E chi sono i “suoi” autori? Due sono evidenziati già nel sottotitolo La ricerca dell’infinito da Cormac McCarthy a Eric-Emmanuel Schmitt, ma oltre all’americano McCarthy e al francese Eric-Emmanuel Schmitt, il pantheon di Fazzini è molto ricco: da Chaim Potok a Wendell Berry, da Colum McCann a Marilynne Robinson... tante voci che contribuiscono a costruire un luogo, la letteratura, dove l’uomo può esercitare quel talento che lo rende tale: l’immaginazione (e qui si sente l’influenza di teologi come Timothy Radcliffe).

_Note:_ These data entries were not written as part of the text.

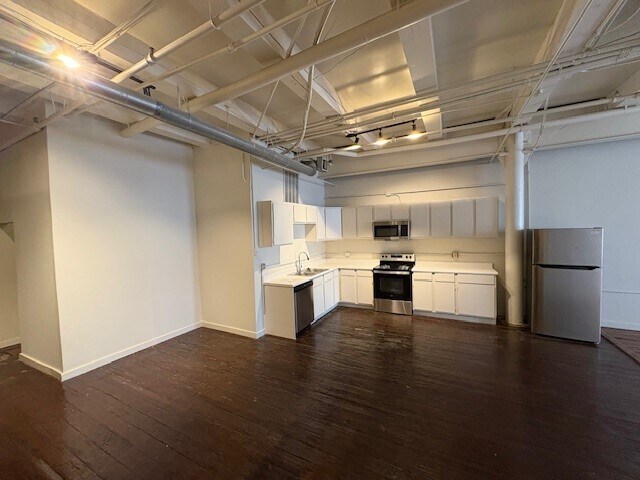 Building Photo - 101 Crawford St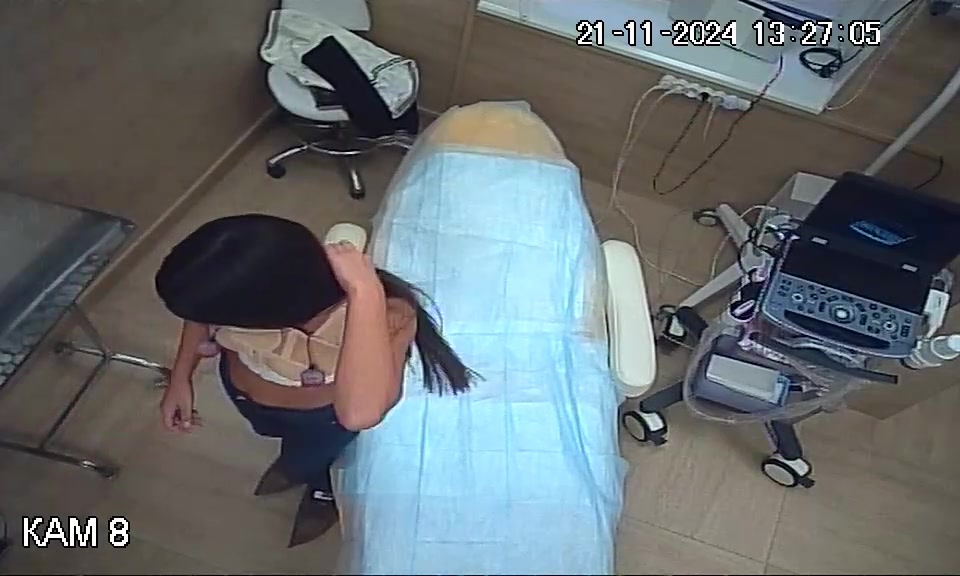 Hidden Voyeur 2 — Clinic (47) — screenshot 2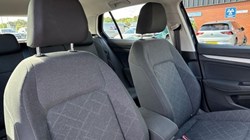 2021 (21) VOLKSWAGEN GOLF 1.0 eTSI Life 5dr DSG 5781850
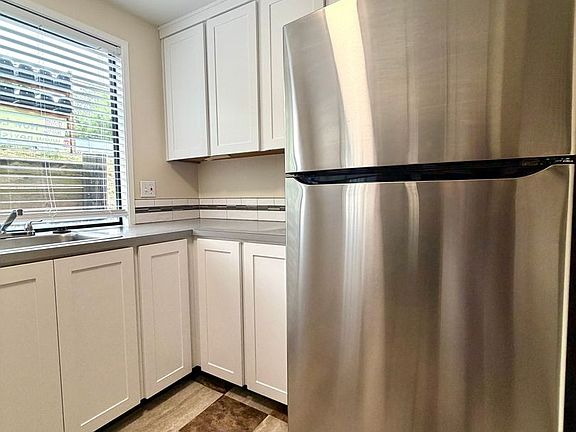 5th image of 4453-4455 SW Garden Home Rd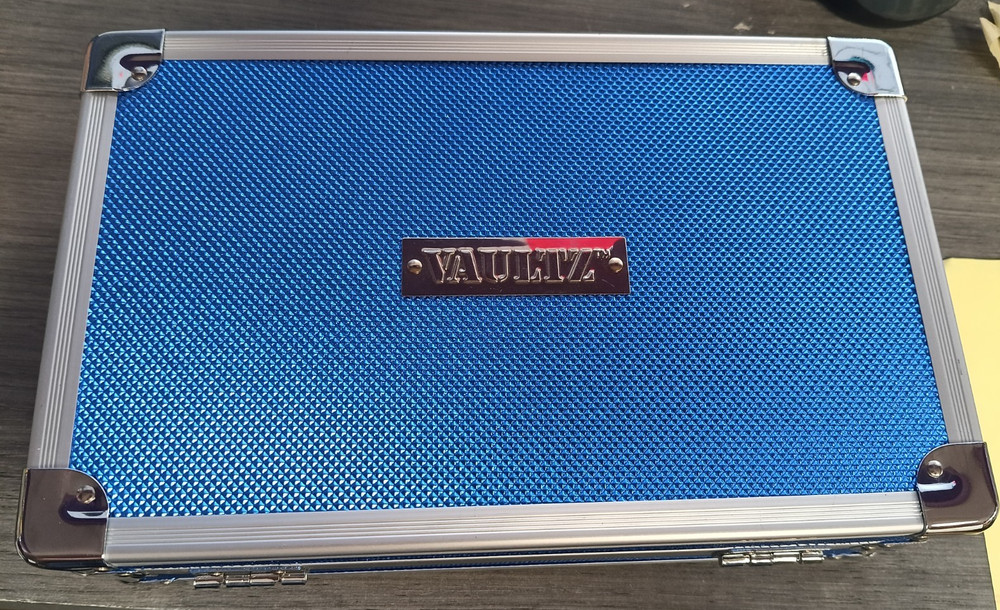 Vaultz  Locking Supply Box-Blue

C’è una pagina nelle Riflessioni cristiane di C.S. Lewis che può aiutarci a comprendere meglio la questione: «Forse avrete notato che i libri che veramente amate sono legati insieme da un filo segreto» scrive Lewis, «sapete benissimo quale è la caratteristica comune che ve li fa amare, anche se non riuscite a tradurla in parole; ma la maggior parte dei vostri amici non la vede affatto e spesso si chiede perché, se vi piace questo, vi piaccia anche quello (…). Perfino nei vostri hobby, non c’è forse sempre stata un’attrazione segreta che gli altri stranamente ignorano, qualcosa che non si identifica — ma sembra sempre sul punto di rivelarsi — col profumo del legno tagliato in falegnameria o col clap clap dell’acqua contro i fianchi di una barca?». C’è, dice Lewis, un filo nascosto, un codice segreto che connette tutto ma è sempre al di là del nostro controllo, dominio: «Tutte le cose che hanno mai posseduto profondamente la vostra anima ne sono state solo degli indizi-barlumi allettanti, promesse mai completamente realizzate, echi che si spegnevano subito appena vi arrivavano alle orecchie. Ma se questa cosa dovesse veramente manifestarsi — se mai dovesse sentirsi un’eco che non si spegnesse subito ma si espandesse nel suono stesso — voi lo sapreste. Al di là di ogni possibilità di dubbio direste: «Ecco finalmente quella cosa per cui sono stato creato». Non possiamo parlarne gli uni con gli altri. La firma segreta di ogni anima, l’incomunicabile e implacabile bisogno, la cosa che desideravamo prima di incontrare le nostre mogli, i nostri amici o prima di scegliere il nostro lavoro, e che desidereremo ancora sul nostro letto di morte, quando la mente non riconoscerà più né moglie né amico né lavoro. Mentre noi esistiamo, questa cosa esiste. Se la perdiamo, perdiamo tutto. Questa «firma» in ciascun’anima può essere un prodotto dell’ereditarietà e dell’ambiente, ma questo significa solo che ereditarietà e ambiente sono tra gli strumenti usati da Dio per creare l’anima».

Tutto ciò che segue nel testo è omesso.